India’s economy is likely to face a cash crunch, oil price shock and gas shortages as it struggles to address the issues of inflation, power outages and soaring electricity prices.
The economy is also vulnerable to political turmoil and the looming threat of the Goods and Services Tax (GST), which has been delayed since August.
“I think the economy is going to be hurt by the low oil price, and it is likely that it will continue to do so as well,” said N.P. Sathyaprakash, director general, World Bank.
“It will be tough on the private sector.”
The world’s second-largest economy, India accounts for about half of the world’s total economic output and accounts for almost one-third of global imports.
The country has the largest population and the largest economy in Asia and Africa.
The government has said it expects inflation to rise to 6.7 per cent in 2019, which would push its gross domestic product (GDP) to nearly $40 trillion (C$49.4 trillion).
“The government is taking measures to reduce inflation by 25 per cent by 2019,” Finance Minister Arun Jaitley told reporters on Thursday.
“The central bank is also keeping the target rate at 6.75 per cent,” he added.
Jaitley said the government had decided to cut corporate tax from 6 per cent to 3 per cent, and that the central bank would be raising interest rates to 3.5 per cent.
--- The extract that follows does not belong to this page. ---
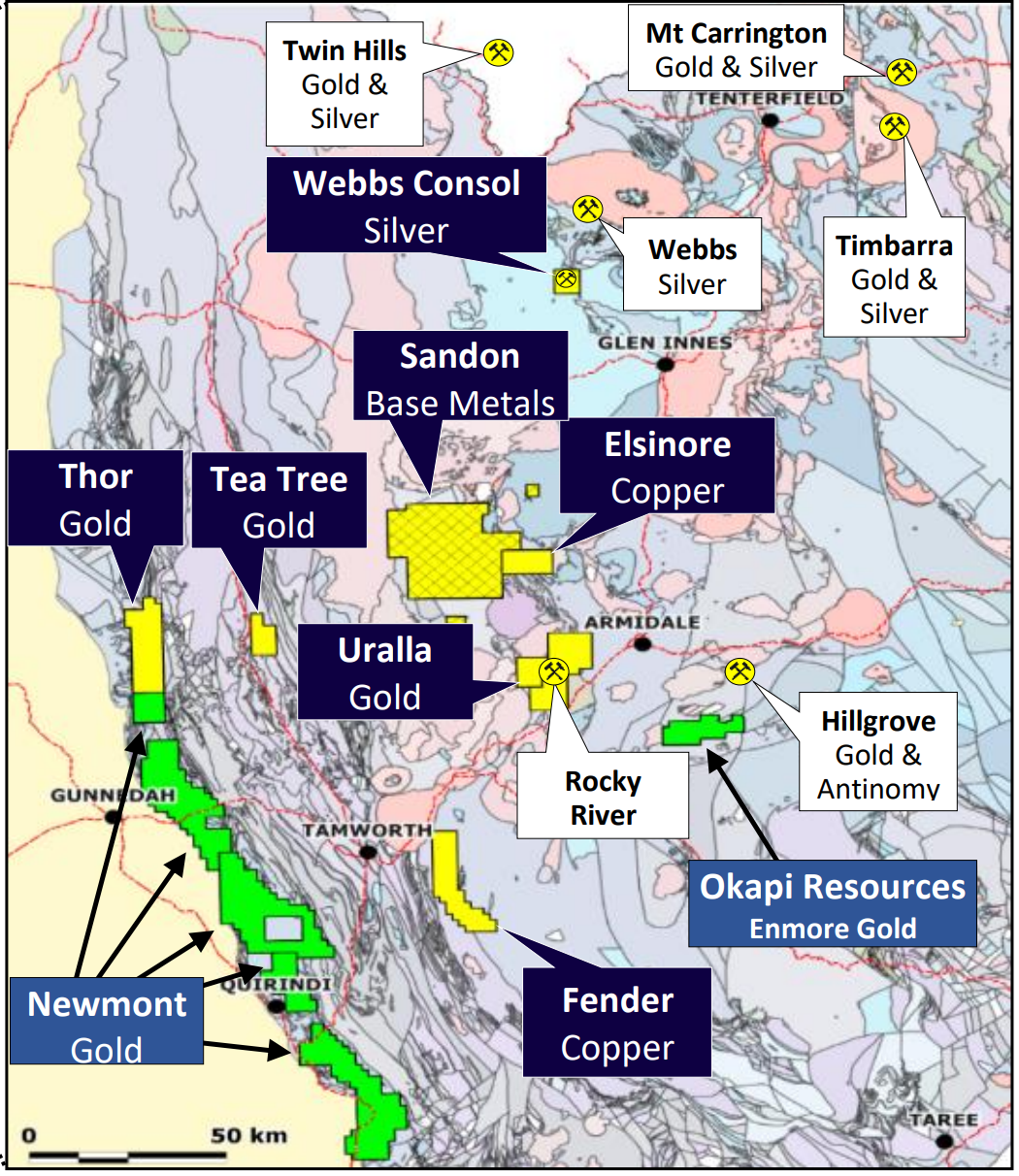 (Source: Lode Resources) A map locating the company's project in relation to Newmont Gold's existing acreage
However, he also noted that the government is “very supportive” of the country’s banks, which are not subject to any capital controls.
“We have to make sure that banks can function,” he said.
The economy is already facing a severe cash crunch and the government has announced a Rs 3,000-crore subsidy scheme to ease the burden on people who need it.
The central government is also providing emergency assistance of Rs 500-crores to the poor and has also started making loans for the poor.
The government also plans to provide Rs 4,000 crore to the rural poor.